Nappy rash is a common skin affliction seen in small babies and characterised by the appearance of red spots or blisters in the skin at bottom area. It is not a skin disease but a minor skin irritation which is quite distressing for the affected baby.

Nappy rash: Incidence, age and sex

Nappy rash is a common occurrence in small babies, especially new-borns and infants. It is more common in areas of hot and humid climates.

Signs and symptoms of nappy rash: Diagnosis

Nappy rash as the name suggests is characterized by painful reddening of the skin of the bottom. Sometimes blisters may be present or the affected skin may give a pimply appearance. The babies generally cry consistently due to pain and intense discomfort. Some babies are prone to such skin affliction and may manifest increased frequency of nappy rash.
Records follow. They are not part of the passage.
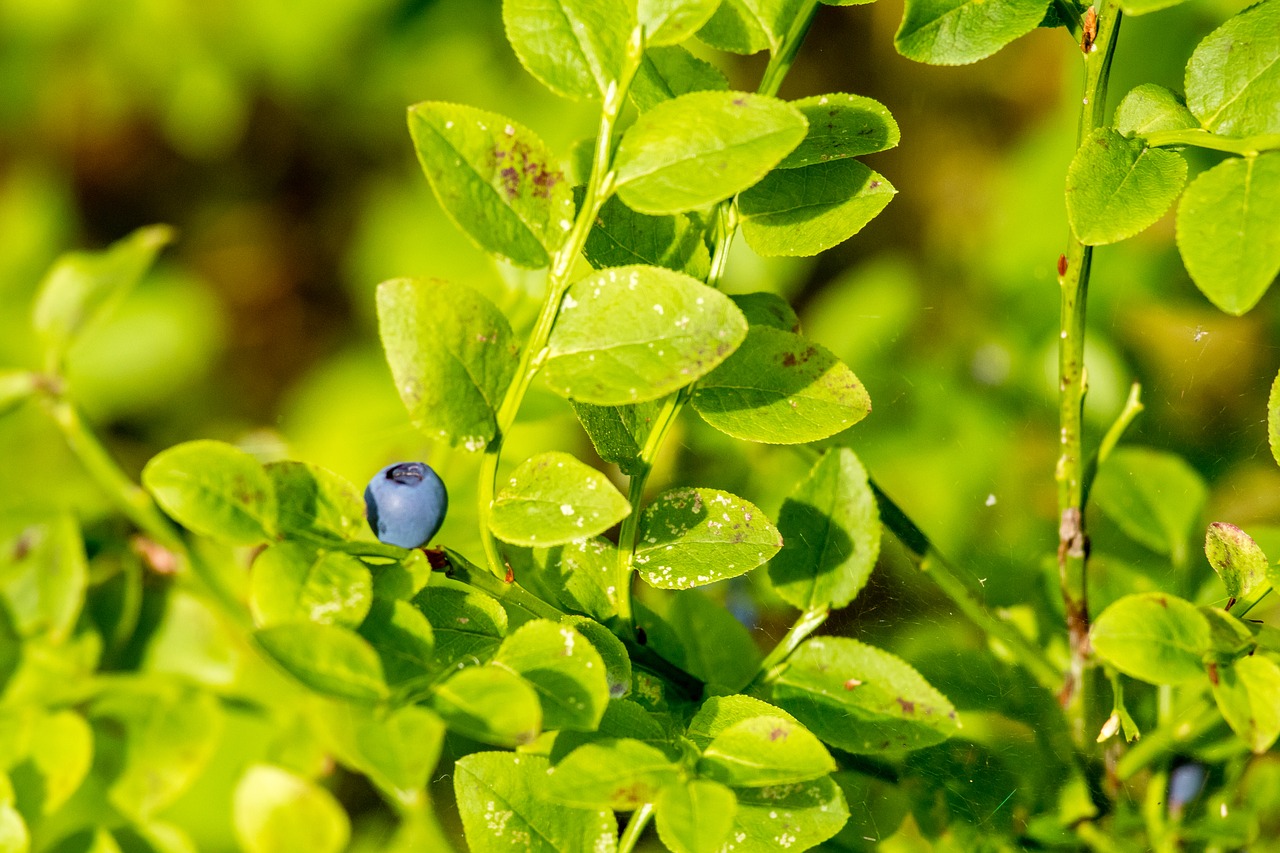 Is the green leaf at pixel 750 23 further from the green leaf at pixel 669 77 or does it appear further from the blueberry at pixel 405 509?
the blueberry at pixel 405 509

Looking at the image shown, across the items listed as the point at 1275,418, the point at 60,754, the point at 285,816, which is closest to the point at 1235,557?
the point at 1275,418

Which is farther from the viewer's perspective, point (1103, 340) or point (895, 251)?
point (895, 251)

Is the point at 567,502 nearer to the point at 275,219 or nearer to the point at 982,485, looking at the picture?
the point at 982,485

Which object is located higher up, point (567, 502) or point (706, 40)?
point (706, 40)

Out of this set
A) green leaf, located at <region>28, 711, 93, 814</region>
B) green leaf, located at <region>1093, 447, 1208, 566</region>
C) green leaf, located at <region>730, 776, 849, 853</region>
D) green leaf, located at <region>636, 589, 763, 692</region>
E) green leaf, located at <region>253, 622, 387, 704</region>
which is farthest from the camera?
green leaf, located at <region>1093, 447, 1208, 566</region>

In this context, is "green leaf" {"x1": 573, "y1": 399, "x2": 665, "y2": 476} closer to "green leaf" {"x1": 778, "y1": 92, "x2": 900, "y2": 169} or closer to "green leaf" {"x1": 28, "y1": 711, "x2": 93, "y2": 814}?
"green leaf" {"x1": 778, "y1": 92, "x2": 900, "y2": 169}

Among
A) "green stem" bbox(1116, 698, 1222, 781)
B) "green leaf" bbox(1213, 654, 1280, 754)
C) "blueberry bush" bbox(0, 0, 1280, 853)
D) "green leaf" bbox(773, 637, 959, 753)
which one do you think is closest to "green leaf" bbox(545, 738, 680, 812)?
"blueberry bush" bbox(0, 0, 1280, 853)

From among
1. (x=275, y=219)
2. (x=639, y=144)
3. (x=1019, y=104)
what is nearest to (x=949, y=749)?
(x=639, y=144) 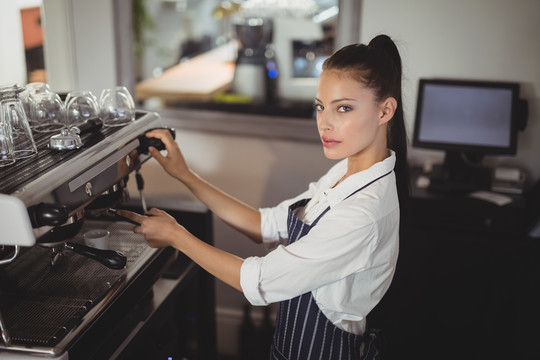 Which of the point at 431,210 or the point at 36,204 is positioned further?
the point at 431,210

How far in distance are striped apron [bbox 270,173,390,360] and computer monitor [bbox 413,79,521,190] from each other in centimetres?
102

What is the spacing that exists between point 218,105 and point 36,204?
1793 millimetres

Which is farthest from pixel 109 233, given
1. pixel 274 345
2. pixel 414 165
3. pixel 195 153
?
pixel 414 165

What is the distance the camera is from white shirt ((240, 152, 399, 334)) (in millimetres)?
1317

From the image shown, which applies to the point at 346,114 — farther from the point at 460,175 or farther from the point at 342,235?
the point at 460,175

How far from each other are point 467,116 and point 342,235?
4.27ft

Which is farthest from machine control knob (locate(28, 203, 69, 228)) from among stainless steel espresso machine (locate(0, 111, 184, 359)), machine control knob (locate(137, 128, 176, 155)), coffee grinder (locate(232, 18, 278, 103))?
coffee grinder (locate(232, 18, 278, 103))

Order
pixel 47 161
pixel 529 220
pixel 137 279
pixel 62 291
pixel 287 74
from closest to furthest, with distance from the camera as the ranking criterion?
1. pixel 47 161
2. pixel 62 291
3. pixel 137 279
4. pixel 529 220
5. pixel 287 74

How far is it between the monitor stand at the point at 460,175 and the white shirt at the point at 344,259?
3.09 ft

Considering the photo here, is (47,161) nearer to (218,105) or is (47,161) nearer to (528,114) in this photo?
(218,105)

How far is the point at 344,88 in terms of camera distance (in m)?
1.38

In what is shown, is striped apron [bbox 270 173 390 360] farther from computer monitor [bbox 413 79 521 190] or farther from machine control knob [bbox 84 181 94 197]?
computer monitor [bbox 413 79 521 190]

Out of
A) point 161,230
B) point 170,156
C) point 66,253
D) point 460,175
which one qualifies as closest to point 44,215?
point 161,230

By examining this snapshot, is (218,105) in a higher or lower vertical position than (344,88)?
lower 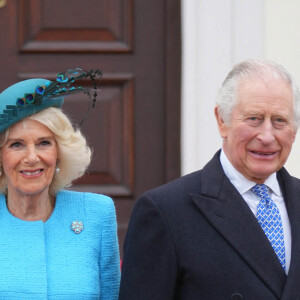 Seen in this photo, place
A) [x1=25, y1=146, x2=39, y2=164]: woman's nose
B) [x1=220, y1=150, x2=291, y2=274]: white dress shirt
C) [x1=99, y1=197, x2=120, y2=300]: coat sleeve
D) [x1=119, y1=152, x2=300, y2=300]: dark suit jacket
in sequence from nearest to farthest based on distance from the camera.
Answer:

On the other hand, some babies may exhibit occasional rashes. A quick physical examination is usually sufficient to diagnose the condition.

Causes and prevention of nappy rash

The most common cause of nappy rash is wearing of wet or soiled napkins by babies and infants - for long periods of time. It may also occur when the baby passes frequent stools. Use of plastic pants increases the risk of development of such rashes. Babies who have concurrent infantile eczema or irritant dermatitis stand at higher risk for developing nappy rash.

Nappy rash can be prevented by frequent changing of nappies, keeping the bottom area clean and dry and by avoiding excessive use of plastic pants especially in humid weather.

Nappy rash: Complications

In occasional cases, nappy rash may progress to secondary bacterial infections which may be manifested by fever and warm, swollen skin of the bottom.

Nappy rash: Treatment

Nappy rash is a self-limiting condition which resolves on its own in most of the babies. However keeping the area clean and dry and letting it get some air may fasten the recovery process. It is also advisable to wash and dry (by patting with towel) the bottom every time the nappy is changed. Use of baby wipes should be limited since it contains chemicals which can worsen the skin rash. In resistant cases, zinc based cream or castor oil cream are advisable to be applied after each wash. The nappy rash resolves completely within a few days by following the above mentioned measures. But in certain cases, the rash may be severe and may warrant treatment with a potent steroid-based cream.